Understandably – and after a few hiccups along the way – the business saw the value in what they were doing.
The great thing about inhouse use of legal tech and development of new processes is that none of it is ever done for show. The legal team is not selling to anyone outside of the business and the CFO has everything they do on a very tight budget. This makes the work around legal ops intensely real and means it needs to be effective or else it will be killed off.
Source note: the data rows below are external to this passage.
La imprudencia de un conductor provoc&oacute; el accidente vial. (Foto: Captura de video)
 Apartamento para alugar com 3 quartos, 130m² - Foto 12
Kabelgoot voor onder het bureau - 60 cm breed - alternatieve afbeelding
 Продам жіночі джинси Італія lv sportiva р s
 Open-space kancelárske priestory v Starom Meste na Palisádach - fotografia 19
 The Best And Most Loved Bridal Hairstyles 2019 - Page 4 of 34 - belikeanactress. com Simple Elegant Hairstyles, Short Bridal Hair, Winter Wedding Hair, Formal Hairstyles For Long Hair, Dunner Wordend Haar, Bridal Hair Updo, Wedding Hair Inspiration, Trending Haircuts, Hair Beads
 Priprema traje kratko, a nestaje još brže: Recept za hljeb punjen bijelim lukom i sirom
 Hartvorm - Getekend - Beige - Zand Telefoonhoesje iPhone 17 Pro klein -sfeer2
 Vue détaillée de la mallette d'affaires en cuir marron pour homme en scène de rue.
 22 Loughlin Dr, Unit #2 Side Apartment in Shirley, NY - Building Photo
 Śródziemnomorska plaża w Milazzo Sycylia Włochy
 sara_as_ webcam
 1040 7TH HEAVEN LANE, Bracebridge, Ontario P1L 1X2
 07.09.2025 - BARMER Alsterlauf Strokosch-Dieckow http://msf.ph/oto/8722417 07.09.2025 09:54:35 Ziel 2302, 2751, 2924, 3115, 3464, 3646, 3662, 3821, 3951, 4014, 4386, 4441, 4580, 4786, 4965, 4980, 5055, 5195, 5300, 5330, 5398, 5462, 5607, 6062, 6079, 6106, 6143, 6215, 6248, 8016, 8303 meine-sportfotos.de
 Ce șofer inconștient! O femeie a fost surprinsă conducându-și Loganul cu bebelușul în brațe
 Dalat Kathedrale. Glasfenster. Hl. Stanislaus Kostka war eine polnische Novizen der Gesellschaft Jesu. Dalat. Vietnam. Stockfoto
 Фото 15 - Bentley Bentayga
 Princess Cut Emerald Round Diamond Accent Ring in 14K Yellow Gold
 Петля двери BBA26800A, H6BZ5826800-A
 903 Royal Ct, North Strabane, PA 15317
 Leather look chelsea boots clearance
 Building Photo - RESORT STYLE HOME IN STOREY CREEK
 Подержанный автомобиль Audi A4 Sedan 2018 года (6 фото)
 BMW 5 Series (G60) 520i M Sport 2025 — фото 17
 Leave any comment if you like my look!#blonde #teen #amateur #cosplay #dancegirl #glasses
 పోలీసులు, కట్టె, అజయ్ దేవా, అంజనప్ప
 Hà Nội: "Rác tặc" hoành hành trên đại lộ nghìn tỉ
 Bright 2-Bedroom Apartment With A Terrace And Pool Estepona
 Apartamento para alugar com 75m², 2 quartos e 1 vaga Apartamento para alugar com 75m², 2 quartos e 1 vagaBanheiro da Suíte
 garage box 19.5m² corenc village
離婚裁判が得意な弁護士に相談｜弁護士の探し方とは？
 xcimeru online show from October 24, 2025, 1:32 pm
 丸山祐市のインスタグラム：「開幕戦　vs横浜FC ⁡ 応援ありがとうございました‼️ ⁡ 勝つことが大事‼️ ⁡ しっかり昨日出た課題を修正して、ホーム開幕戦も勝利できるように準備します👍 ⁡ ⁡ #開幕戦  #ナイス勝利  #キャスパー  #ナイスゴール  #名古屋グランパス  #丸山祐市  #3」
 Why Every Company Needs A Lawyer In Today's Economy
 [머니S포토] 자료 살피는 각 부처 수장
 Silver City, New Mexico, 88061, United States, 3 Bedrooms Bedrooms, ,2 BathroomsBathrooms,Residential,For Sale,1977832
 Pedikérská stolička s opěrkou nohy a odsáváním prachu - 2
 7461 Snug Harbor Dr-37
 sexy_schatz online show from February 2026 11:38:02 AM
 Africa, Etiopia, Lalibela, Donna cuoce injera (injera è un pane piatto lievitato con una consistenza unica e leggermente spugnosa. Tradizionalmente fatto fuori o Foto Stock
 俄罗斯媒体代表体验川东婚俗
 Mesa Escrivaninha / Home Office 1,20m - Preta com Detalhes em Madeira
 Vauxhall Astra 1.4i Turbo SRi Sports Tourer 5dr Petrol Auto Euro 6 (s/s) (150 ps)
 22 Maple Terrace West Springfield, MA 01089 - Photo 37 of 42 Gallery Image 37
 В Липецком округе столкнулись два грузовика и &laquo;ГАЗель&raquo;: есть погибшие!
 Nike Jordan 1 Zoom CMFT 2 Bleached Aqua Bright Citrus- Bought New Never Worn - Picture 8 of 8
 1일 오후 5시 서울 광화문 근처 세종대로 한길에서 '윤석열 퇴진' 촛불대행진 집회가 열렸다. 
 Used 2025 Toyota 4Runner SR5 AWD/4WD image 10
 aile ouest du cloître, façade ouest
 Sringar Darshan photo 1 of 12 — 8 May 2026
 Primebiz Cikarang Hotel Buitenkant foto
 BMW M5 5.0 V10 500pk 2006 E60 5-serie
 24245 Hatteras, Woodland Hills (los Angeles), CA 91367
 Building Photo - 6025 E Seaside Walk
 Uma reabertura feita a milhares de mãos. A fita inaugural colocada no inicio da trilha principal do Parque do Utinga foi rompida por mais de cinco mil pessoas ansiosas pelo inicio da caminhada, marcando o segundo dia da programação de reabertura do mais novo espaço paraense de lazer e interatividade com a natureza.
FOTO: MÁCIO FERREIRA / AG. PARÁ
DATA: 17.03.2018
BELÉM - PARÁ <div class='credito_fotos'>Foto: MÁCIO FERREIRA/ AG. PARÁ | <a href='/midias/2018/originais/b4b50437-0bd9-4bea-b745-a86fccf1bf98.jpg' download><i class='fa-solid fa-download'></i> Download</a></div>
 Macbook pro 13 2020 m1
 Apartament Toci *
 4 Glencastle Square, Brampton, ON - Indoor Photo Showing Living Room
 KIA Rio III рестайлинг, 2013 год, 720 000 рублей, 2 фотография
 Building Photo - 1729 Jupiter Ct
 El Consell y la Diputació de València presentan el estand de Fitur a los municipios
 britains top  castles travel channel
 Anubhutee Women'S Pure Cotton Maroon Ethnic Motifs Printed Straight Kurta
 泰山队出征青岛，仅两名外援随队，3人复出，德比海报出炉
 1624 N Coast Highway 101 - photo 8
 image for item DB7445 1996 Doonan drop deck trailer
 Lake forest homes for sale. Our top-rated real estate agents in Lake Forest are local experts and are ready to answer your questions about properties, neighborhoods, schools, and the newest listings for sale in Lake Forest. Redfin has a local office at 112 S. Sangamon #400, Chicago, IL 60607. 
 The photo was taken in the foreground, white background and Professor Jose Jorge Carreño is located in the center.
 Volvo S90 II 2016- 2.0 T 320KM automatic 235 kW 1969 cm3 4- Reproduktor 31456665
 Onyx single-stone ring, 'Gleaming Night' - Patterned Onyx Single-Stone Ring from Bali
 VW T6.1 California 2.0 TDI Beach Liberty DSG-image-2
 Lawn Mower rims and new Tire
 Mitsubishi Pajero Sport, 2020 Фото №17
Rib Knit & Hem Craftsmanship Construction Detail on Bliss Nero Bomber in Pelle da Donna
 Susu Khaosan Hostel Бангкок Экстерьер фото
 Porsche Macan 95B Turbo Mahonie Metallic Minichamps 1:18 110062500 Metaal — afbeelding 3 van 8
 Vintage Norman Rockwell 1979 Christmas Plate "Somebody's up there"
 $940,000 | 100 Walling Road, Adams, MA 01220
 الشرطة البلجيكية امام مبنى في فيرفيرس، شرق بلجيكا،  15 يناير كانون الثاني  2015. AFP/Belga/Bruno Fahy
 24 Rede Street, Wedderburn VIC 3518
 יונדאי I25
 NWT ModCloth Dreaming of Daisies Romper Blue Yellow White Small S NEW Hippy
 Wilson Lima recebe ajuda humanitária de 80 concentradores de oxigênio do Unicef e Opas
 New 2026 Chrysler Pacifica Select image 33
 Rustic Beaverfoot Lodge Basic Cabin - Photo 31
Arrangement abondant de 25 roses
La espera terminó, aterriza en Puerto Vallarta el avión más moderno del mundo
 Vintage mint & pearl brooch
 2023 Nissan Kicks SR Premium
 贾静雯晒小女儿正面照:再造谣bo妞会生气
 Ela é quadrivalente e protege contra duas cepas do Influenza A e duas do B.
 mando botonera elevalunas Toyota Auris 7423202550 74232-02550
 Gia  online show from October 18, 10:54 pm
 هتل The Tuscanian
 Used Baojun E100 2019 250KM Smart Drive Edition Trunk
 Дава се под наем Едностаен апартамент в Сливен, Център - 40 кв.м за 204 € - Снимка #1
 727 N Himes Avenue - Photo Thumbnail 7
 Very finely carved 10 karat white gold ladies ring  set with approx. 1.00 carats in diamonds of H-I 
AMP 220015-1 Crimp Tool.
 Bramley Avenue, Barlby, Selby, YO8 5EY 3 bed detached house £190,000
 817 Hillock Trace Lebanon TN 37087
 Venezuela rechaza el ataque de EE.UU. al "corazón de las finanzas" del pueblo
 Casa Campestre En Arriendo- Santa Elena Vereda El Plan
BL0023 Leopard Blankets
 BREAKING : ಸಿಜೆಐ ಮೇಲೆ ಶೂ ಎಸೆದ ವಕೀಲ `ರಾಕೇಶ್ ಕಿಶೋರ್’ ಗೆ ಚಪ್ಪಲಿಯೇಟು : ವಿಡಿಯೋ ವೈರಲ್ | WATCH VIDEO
The flip side is that the financial and resource pressures can mean it’s hard to change things. But, the speakers showed that they had started with areas that could deliver value and then moved onto more complex challenges. The end result was always positive, even if there were challenges around data cleansing.
Overall, CLOC was a very positive experience. Artificial Lawyer hopes to engage more in the future with many of the excellent speakers at the event.